Originally the Kindervaters’s resided at 121 Magnolia Ave. in the River Road neighborhood and as Ditty relates, “I kept my eye on that big house above the low-water crossing for many years, telling my husband, ‘One day we’re going to live there’!” Sure enough, her wish came true when Harvey arrived home one afternoon and announced he’d just made an offer to Rubin Albaugh to purchase the house from his late Father’s estate.
I was fascinated to learn that when 758 Woodlawn and 505 River Road were being constructed in the late twenties, River Road didn’t even exist. All properties extended completely down to the River’s edge – River Road itself being put in sometime during the early thirties.
Back then Native American families could be seen occasionally camping out alongside the banks of their ancestral lands on the upper San Antonio River.

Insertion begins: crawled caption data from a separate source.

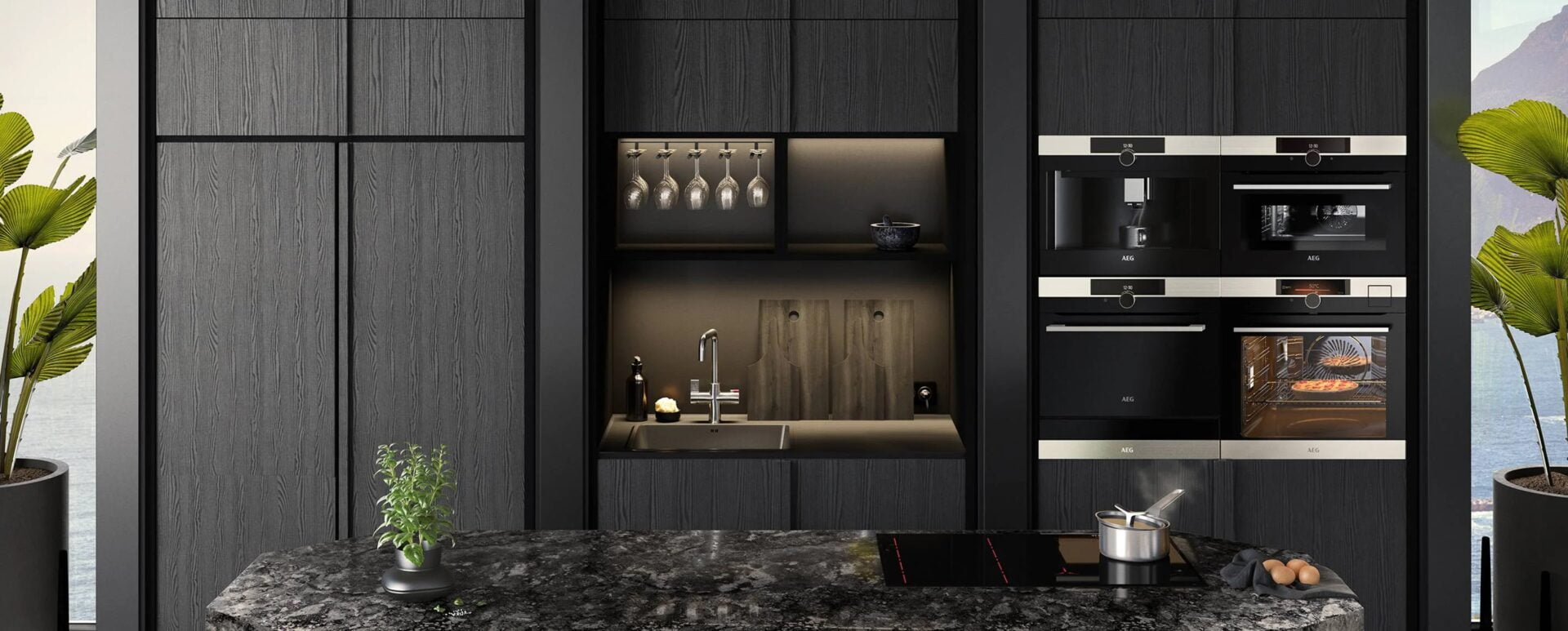 AEG appliance Category image. Showcasing Aeg Ovens, Aeg hobs, Aeg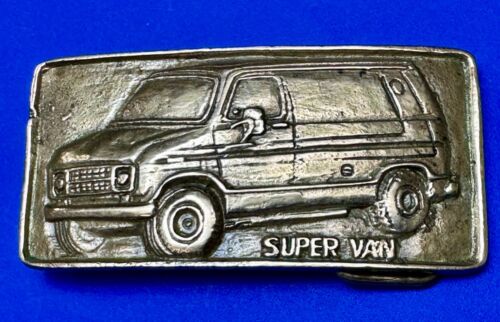 70s Super Van Solid Brass Belt Buckle Chevy Ford Hippy Style and Retro - Afbeelding 1 van 12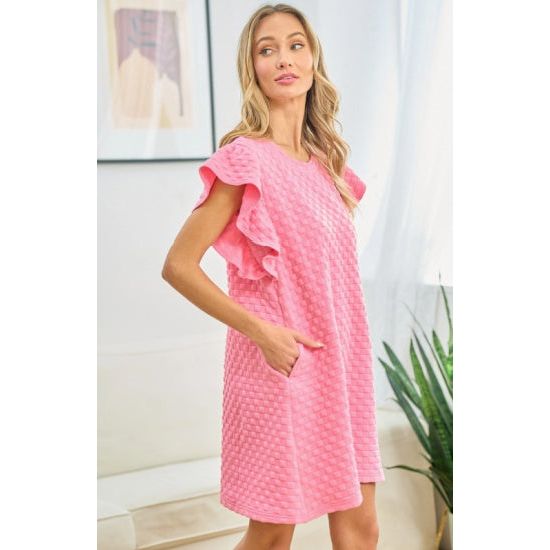 She’s a Doll Ruffle Sleeve Mini Dress – Pink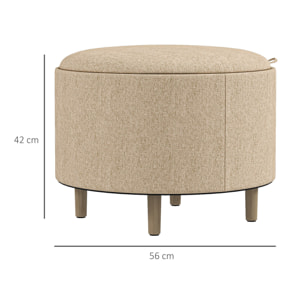 Pouf repose-pied tabouret avec coffre de rangement - plateau réversible - pieds bois tissu aspect lin beige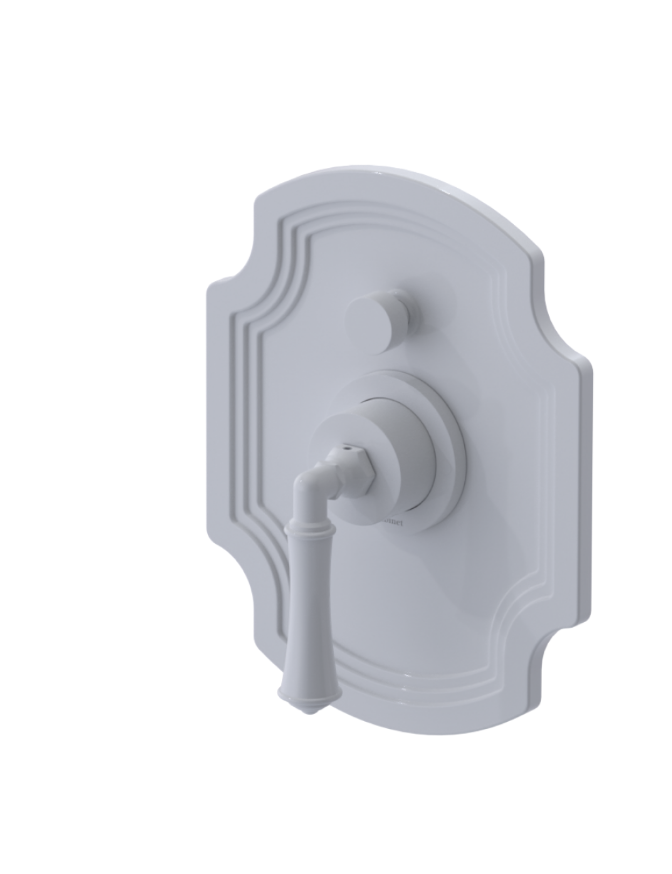 Rubinet T213RVL Pressure Balance Shower With Fixed Shower Head Arm, Hand Held Shower, Bar IntegraSupply 8 Ceiling Mount, Trim Only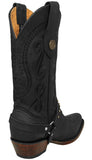 Womens Jane Black Western Boots Leather Removable Strap - Snip Toe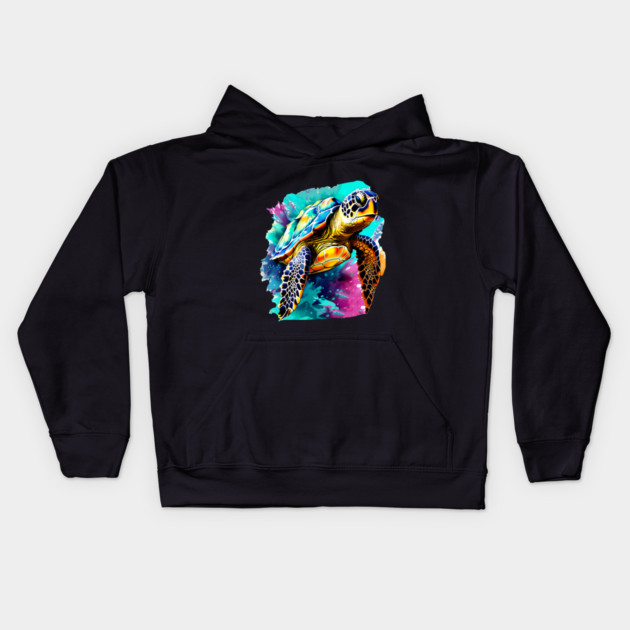 Sea Turtle Surrounded by Splashes of Watercolor Kids Hoodie by BirdsnStuff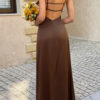 Backless V-Neck Sleeveless A-Line Maxi Dress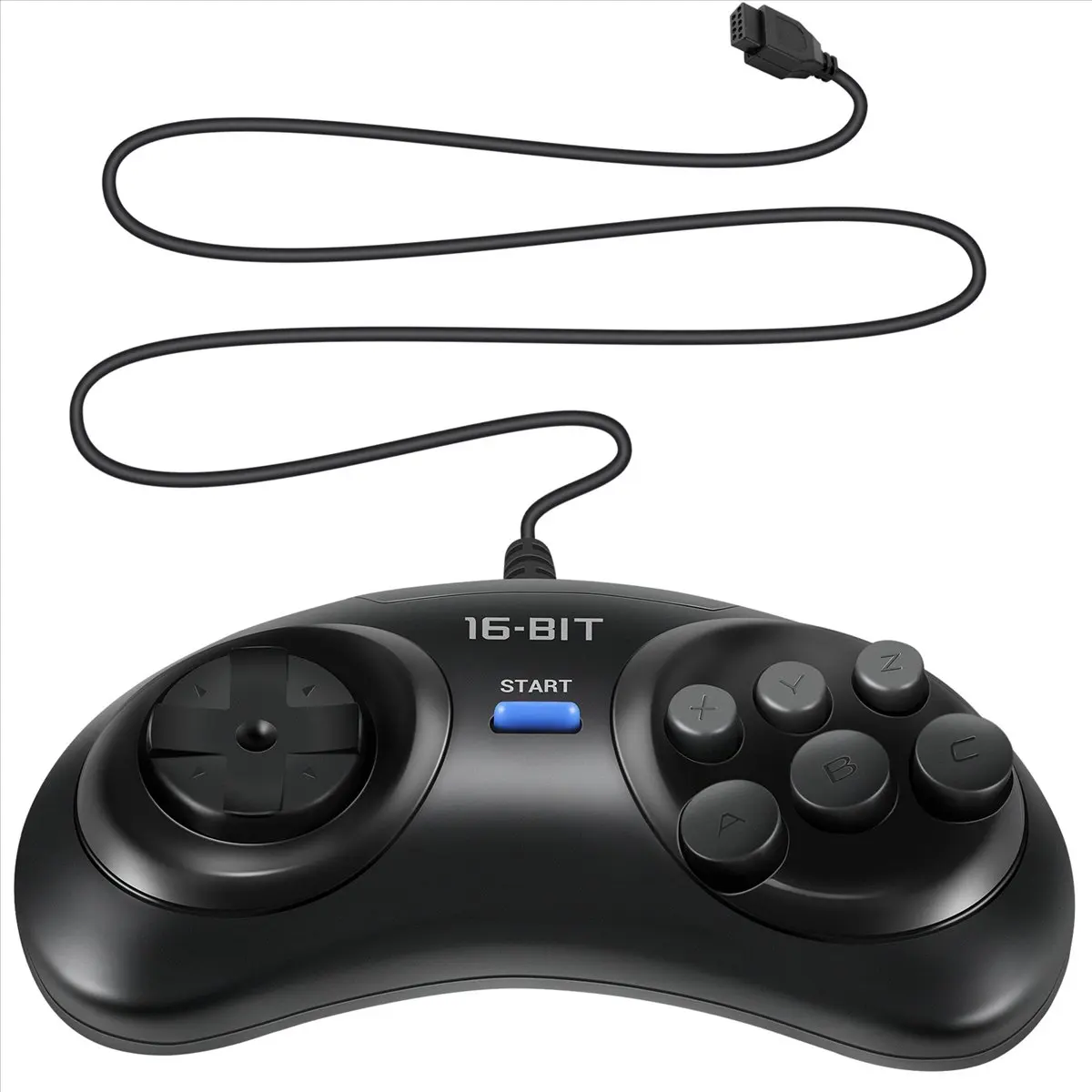 @@HUND-2 Pcs Game Controller for for 16 Bit Handle Controller 6 Button Gamepad for Game Accessories Black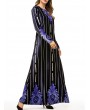 Muslim Velvet Striped Print Long Sleeve Long Dress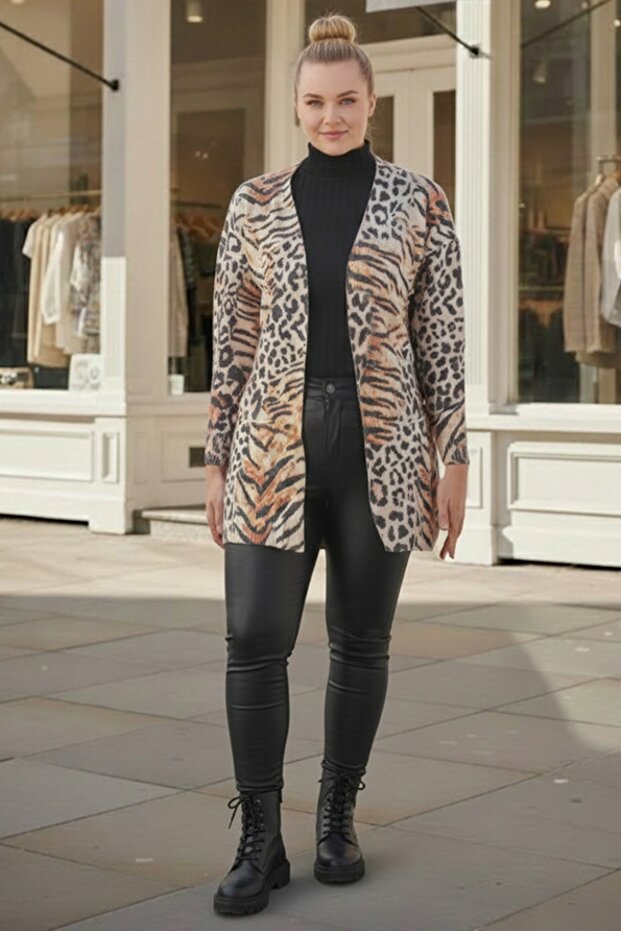 Italian Plus Size Italian V-Neck Long Sleeve Leopard Print Non-Buttoned Casual Knitwear Cardigan with Pockets 80 65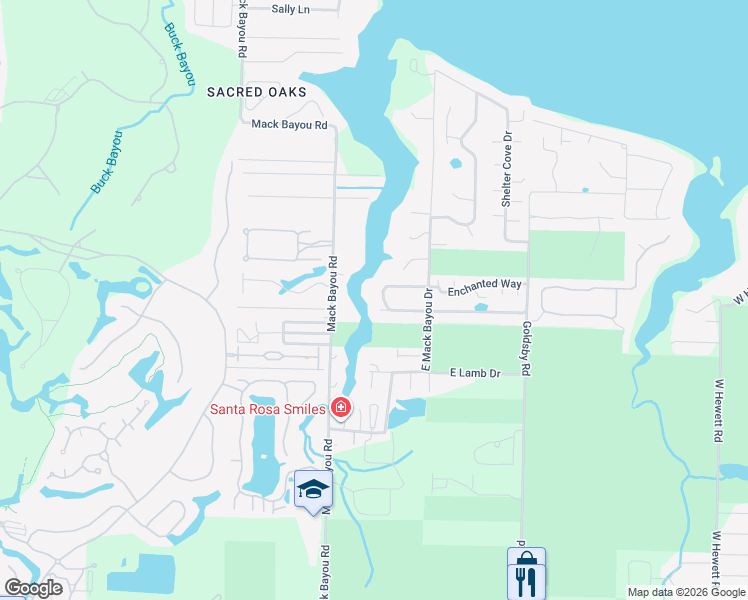 map of restaurants, bars, coffee shops, grocery stores, and more near 129 Bluebell Circle in Santa Rosa Beach
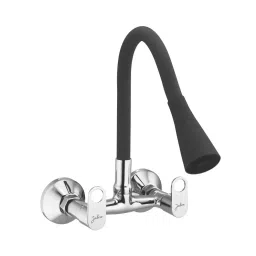 Jabra Dual Flow Sink Mixer Oreo Series Brass Chrome Finish Wall Mount Black-image-8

One of them, allegedly a Chief, walked up from his campsite on the River one day and offered to buy Mr. Albaugh Sr’s. newly constructed home at 505 River Road. Mr. Albaugh told him it wasn’t for sale, but the Chief was insistent, offering him cash on the spot. Finally, Mr. Albaugh pointed to the lot across the street (the present Kindervater home) and said, “If you’ll wait for me to build my new home over there I’ll sell you this one when it’s done.” And he did! (Although Mrs. Kindervater could not recall the name of the Indian family that moved into 505 River Road, she did remember them having a daughter named Marguerite. Anyone knowing more about this story please drop me a line.)
Asked about what the biggest difference she’s seen in River Road through the years, Ditty replied, “When we first moved here, there didn’t seem to be any children around. Gradually, through the years younger families have moved in, but to me that seems to be the most noticeable difference – more children. Also, there were no street lights back then! It was pitch black at night. You couldn’t see any lights coming from Broadway. It felt like you were really way out in the country. My boys would camp out on the lawn in the summertime; we never locked the house, all the doors and windows were open. But now, as they say, times change. We still get offers every so often from total strangers walking up and wanting to buy our house. I couldn’t imagine living anywhere else though. This is our home and we know how fortunate we are to live in such a beautiful and unique area.”